Die Wilhelmstraße repräsentiert in Verlauf und Bausubstanz die Entwicklung Viersens als einer rasch wachsenden Stadt in der zweiten Hälfte des 19. Jahrhunderts. Städtebaulich gesehen sind die geraden Straßenzüge beiderseits der Hauptstraße mit ihrer großen Zahl historistischer Bauten ein wesentliches Charakteristikum Viersens. Grundlage hierfür ist der Stadtbauplan von 1858/60, auf den auch die Wilhelmstraße zurückgeht. Anhand der erhaltenen zeitgenössischen Pläne entsteht die Bebauung der Straße im wesentlichen in den 1870er Jahren. Ein Großteil dieser Bauten ist heute noch erhalten und verleiht der Straße ein sehr anschauliches historisches Gepräge.
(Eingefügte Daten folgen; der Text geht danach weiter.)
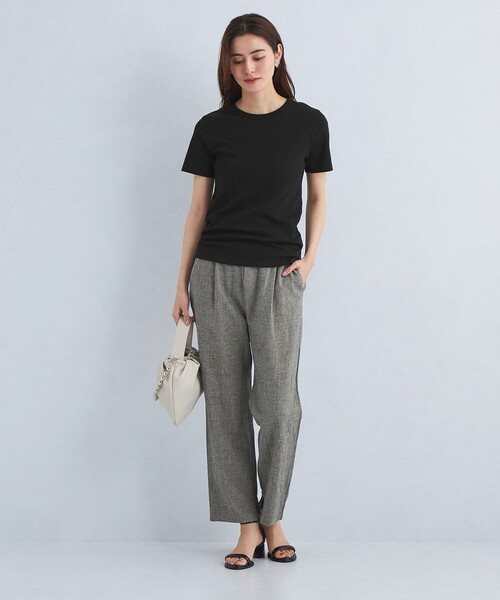 PETIT BATEAU(プチバトー)の「【別注】<PETIT BATEAU>バックプリント ショートスリーブ Tシャツ(Tシャツ/カットソー・レディース・その他1/オフホワイト/ブラック/ダークブラウン・FREE)」の17枚目の写真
Als gut erhaltenes Zeugnis dieser Wachstumsphase der Stadt, errichtet für den hierbei entscheidend beteiligten Bauunternehmer Hansen, ist das Haus Wilhelmstraße 14 bedeutend für Viersen.

Da es sich um ein gut erhaltenes Zeugnis gehobener städtischer Wohnhausarchitektur der 1870er Jahre handelt, mit einer aufwendigen Fassadengestaltung und typischen, wenn auch nicht allzu aufwendigen Ausstattungselementen innen, besteht an der Erhaltung und Nutzung aus wissenschaftlichen, insbesondere architekturgeschichtlichen Gründen ein öffentliches Interesse. Hinzu kommen orts- und sozialgeschichtliche, da das Haus als ursprüngliches Gebäude an der Wilhelmstraße deren geschichtliche, zentral mit der Stadtentwicklung Viersens verknüpfte Ursprünge zeigt und zudem für einen der wichtigen Bauunternehmer der Stadt errichtet wird. Schließlich liegen auch städtebauliche Gründe vor, da das Gebäude Wilhelmstraße 14 prägender Bestandteil des historischen Straßenraumes der Wilhelmstraße ist.

Da somit die Voraussetzungen des § 2 (1) des Denkmalschutzgesetzes NW erfüllt sind, handelt es sich um ein Baudenkmal.